Representing the 2nd District of Connecticut

Connecticut delegation calls on U.S. Army Corps of Engineers to adopt Dredged Material Management Plan

September 2, 2015
Press Release

WASHINGTON—Today, the Connecticut delegation sent a letter to Lieutenant General Tom Bostick, Commanding General and Chief of Engineers, U.S. Army Corps of Engineers, in support of the recently-released Draft Dredged Material Management Plan (DMMP) and Draft Programmatic Environmental Impact Statement for Long Island Sound.

"As representatives from Connecticut, a state with 332 miles of coastline, coves, and harbors on Long Island Sound, we applaud the Army Corps for identifying new environmentally sound alternatives for the handling of dredging materials, such as beach nourishment and wetlands restoration…

“In addition to the critical goal of protecting the Long Island Sound, access to a range of dredged material placement options is absolutely vital to our state’s economy – and that of the entire Long Island Sound region…If this dredging plan does not move forward, it is estimated that the region will see a fifteen percent dip in navigation-dependent economic activity revenue in the next two decades, and significant – and perhaps prohibitive – increases in costs for the private, commercial and federal stakeholders,” the delegation wrote.

The Army Corps of Engineers opened a public comment period on the DMMP in August, extending through October 5th. Comments may be directed to U.S. Army Corps of Engineers, New England District (ATTN: LIS DMMP/PEIS Program Manager Meghan Quinn), 696 Virginia Road, Concord, MA 01742-2751.

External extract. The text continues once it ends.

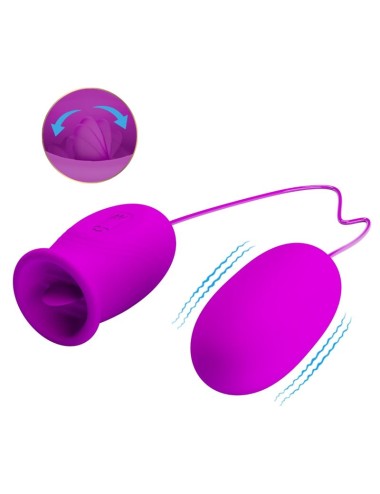 PRETTY LOVE - DAISY HUEVO DUAL VIBRADOR RECARGABLE MORADO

The full text of the letter follows:

Dear Lt. General Bostick:

We write today in support of the U.S. Army Corps of Engineers Draft Dredged Material Management Plan (DMMP) and Draft Programmatic Environmental Impact Statement (PEIS) for Long Island Sound. 

As representatives from Connecticut, a state with 332 miles of coastline, coves, and harbors on Long Island Sound, we applaud the Army Corps for identifying new environmentally sound alternatives for the handling of dredging materials, such as beach nourishment and wetlands restoration. Knowing that only a small portion of dredged materials can be used on land beneficially, we also understand the continued need for open-water disposal options currently in use in Connecticut waters and support continuing this disposal method for fine-grained materials suitable for open-water placement. As members of the Congressional Long Island Sound Caucus, we have long been advocates for protecting and rehabilitating this critical natural, recreation and economic resource. To that end, we commend the Army Corps for identifying a variety of alternative management options and would like to see the Army Corps pursue beneficial use alternatives whenever feasible.

In addition to the critical goal of protecting the Long Island Sound, access to a range of dredged material placement options is absolutely vital to our state’s economy – and that of the entire Long Island Sound region. According to the DMMP, economic activities that utilize Long Island Sound waterways contribute more than $9 billion annually in economic output. Additionally, these economic activities support more than 55,000 jobs in the Long Island Sound region. As important, our region is home to a range of federal and military facilities dependent on the viability of accessible and cost-effective placement options. If this dredging plan does not move forward, it is estimated that the region will see a fifteen percent dip in navigation-dependent economic activity revenue in the next two decades, and significant – and perhaps prohibitive – increases in costs for the private, commercial and federal stakeholders. 

With Connecticut’s newly-minted Port Authority officially coming into existence on July 1, 2015, our state is poised for resurgence in the maritime industry. As noted by the Connecticut Department of Economic and Community Development, imports at deep-water ports in Bridgeport, New Haven, and New London have decreased by 80 percent since 2006. Establishment of the new Port Authority, and increased focus on strategic investments needed to expand our major ports creates a significant opportunity to turn this trend around, create jobs, and grow Connecticut’s maritime economy. This, however, will be contingent on a continued effort to maintain our channels and harbors properly.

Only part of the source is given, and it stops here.